### Input records:

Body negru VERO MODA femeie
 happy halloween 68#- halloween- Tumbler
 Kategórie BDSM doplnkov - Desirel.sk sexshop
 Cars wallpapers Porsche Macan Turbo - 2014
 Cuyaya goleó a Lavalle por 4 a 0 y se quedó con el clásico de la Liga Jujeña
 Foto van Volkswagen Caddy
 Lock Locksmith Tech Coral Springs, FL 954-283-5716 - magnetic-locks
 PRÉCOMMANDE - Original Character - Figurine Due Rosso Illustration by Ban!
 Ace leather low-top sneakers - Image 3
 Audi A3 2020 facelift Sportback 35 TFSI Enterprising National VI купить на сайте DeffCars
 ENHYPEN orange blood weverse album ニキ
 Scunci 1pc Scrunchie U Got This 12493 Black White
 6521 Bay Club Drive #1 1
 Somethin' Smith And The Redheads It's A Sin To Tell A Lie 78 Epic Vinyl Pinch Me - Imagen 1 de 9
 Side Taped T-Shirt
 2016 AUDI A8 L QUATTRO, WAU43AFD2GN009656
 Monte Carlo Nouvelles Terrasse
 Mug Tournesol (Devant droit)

### Exercise requirements:
For this exercise, the answer is the lines from the one containing "Ace leather low-top sneakers - Image 3" through the end of the listing above, reproduced exactly.

### Result below:
 Ace leather low-top sneakers - Image 3
 Audi A3 2020 facelift Sportback 35 TFSI Enterprising National VI купить на сайте DeffCars
 ENHYPEN orange blood weverse album ニキ
 Scunci 1pc Scrunchie U Got This 12493 Black White
 6521 Bay Club Drive #1 1
 Somethin' Smith And The Redheads It's A Sin To Tell A Lie 78 Epic Vinyl Pinch Me - Imagen 1 de 9
 Side Taped T-Shirt
 2016 AUDI A8 L QUATTRO, WAU43AFD2GN009656
 Monte Carlo Nouvelles Terrasse
 Mug Tournesol (Devant droit)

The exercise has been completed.